■ DATA RECORDS ■
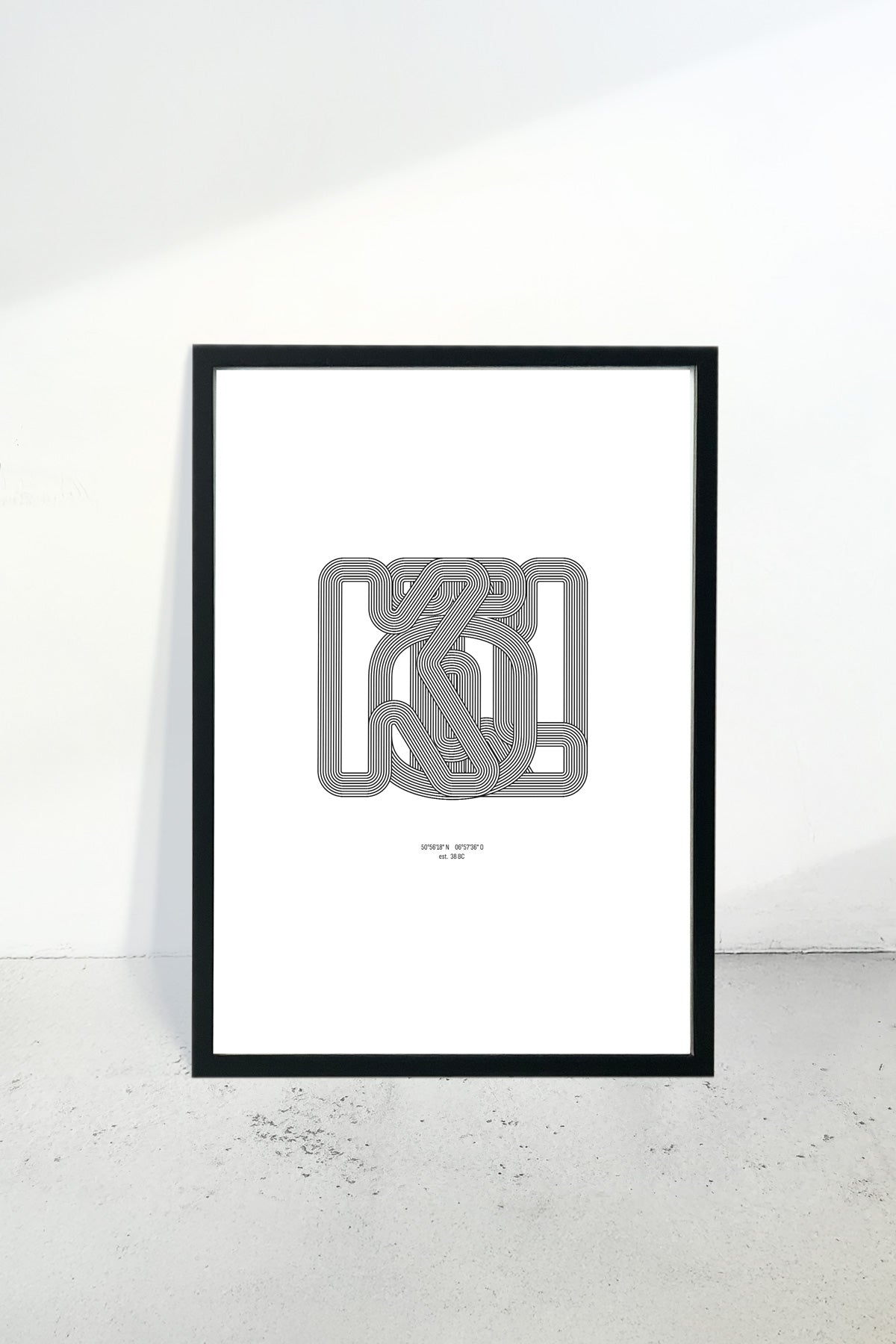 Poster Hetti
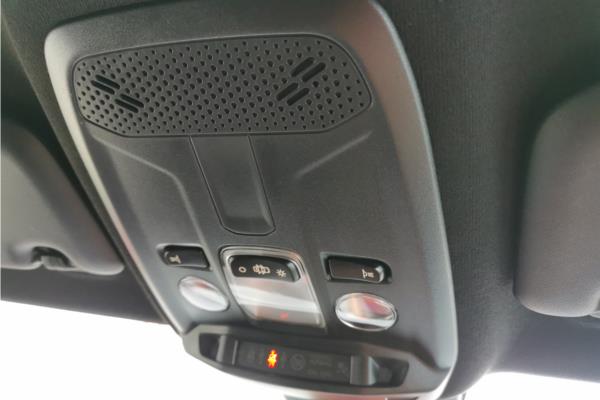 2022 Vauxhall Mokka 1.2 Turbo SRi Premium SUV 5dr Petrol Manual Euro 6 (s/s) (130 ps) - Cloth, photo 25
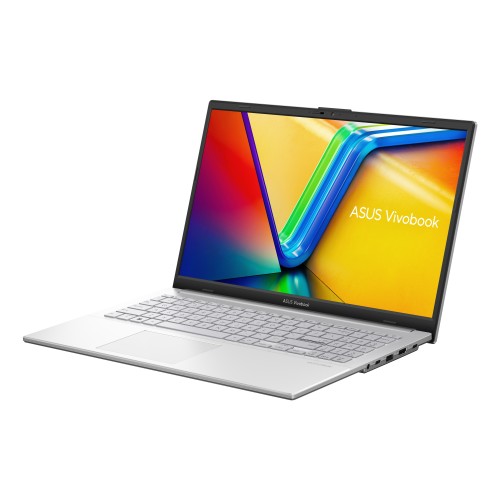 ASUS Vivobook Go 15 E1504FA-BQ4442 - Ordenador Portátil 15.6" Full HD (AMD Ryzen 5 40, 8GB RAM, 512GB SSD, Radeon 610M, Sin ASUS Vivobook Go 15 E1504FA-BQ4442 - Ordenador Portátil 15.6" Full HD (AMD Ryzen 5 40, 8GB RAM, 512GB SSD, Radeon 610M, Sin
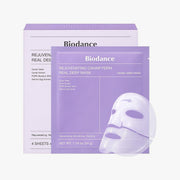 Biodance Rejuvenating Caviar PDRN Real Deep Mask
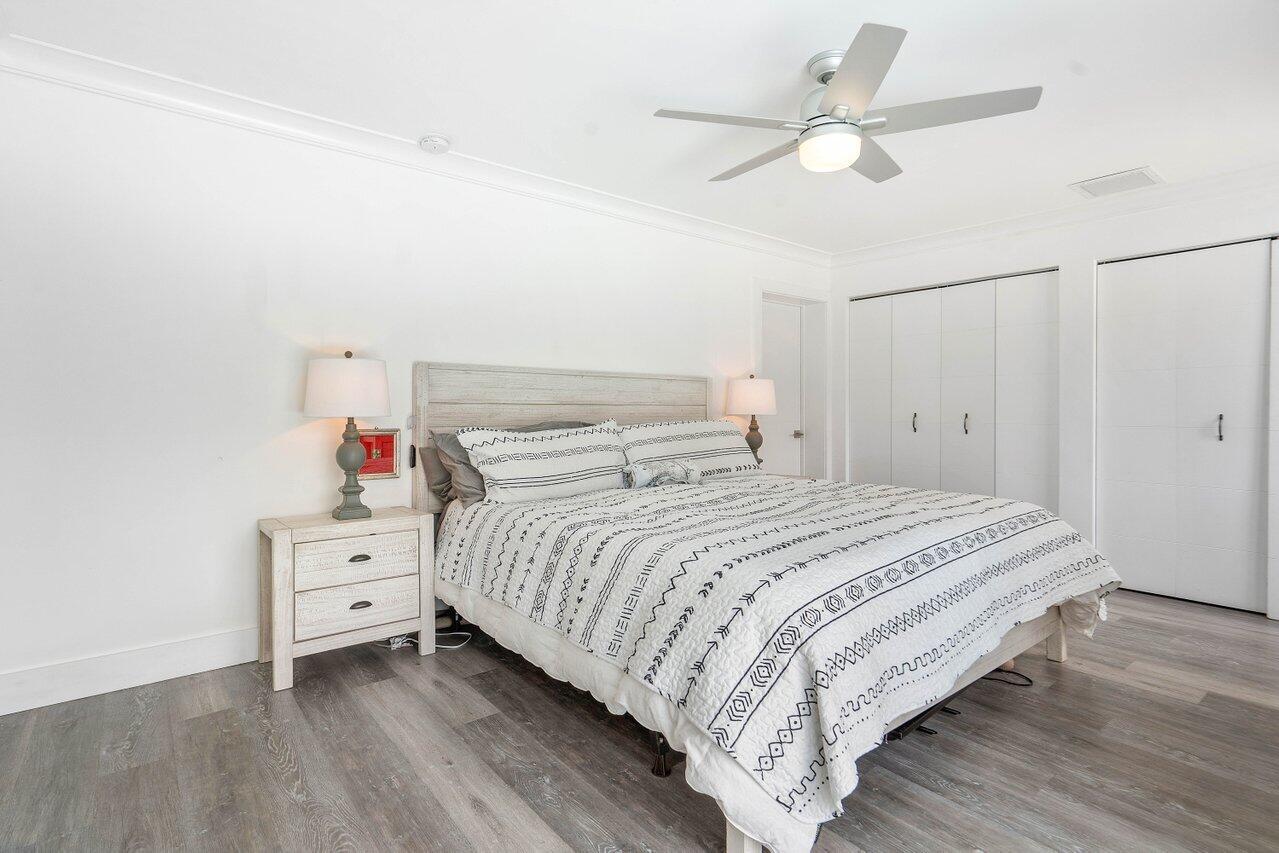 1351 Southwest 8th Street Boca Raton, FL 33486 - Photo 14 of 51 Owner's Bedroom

* * *

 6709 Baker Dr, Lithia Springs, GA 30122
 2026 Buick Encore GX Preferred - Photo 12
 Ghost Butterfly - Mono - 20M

* * *

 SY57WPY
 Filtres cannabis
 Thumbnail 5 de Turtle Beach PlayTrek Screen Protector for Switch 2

■ WORK INSTRUCTION ■
Find where the line with "6709 Baker Dr, Lithia Springs, GA 30122" sits in the material above, then copy exactly from it through the line with "Ghost Butterfly - Mono - 20M". Add no other line.

■ YOUR SOLUTION ■
 6709 Baker Dr, Lithia Springs, GA 30122
 2026 Buick Encore GX Preferred - Photo 12
 Ghost Butterfly - Mono - 20M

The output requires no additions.